# REW V4.10 and V4.11 Release



## JohnM (Apr 11, 2006)

V4.11 of Room EQ Wizard is now available for download from the Downloads Page

*What's New in V4.10 / V4.11*

*Spectrum and RTA Displays*

The Spectrum graph page offers a spectrum analyser plot with resolution of up to 0.3Hz or Real time Analyser (RTA) plots with resolutions up to 1/48th octave. It calculates THD and THD+N distortion figures and shows the relative levels of the 2nd to 9th harmonics of test tones. It allows high resolution measurement of system responses without having to connect to the system being measured by either playing a pink noise signal through the system or, for much more precise low frequency measurements without the very long averaging required for pink noise, playing the new pink periodic noise signals from REW's own signal generator saved as WAV files. More details...


















*Reverberation Time Displays*

The RT60 graph page shows reverberation times in octave or one-third octave bands calculated in accordance with ISO 3382. Related plots for the current measurement, including the Schroeder curve used to derive the RT60 figures and the linear fits for the various RT60 parameters, can be viewed on the Impulse graph page.
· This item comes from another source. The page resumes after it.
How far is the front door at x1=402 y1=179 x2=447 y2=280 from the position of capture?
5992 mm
The Impulse page also allows an octave or one-third octave band filter to be applied to the current measurement and the associated frequency responses. More details...










*Extended Range for Waterfall and Spectral Decay*

The waterfall and Spectral Decay plots now span the full range of the measurement. The waterfall controls have also been revised and extended and offer further control over the plot. More details...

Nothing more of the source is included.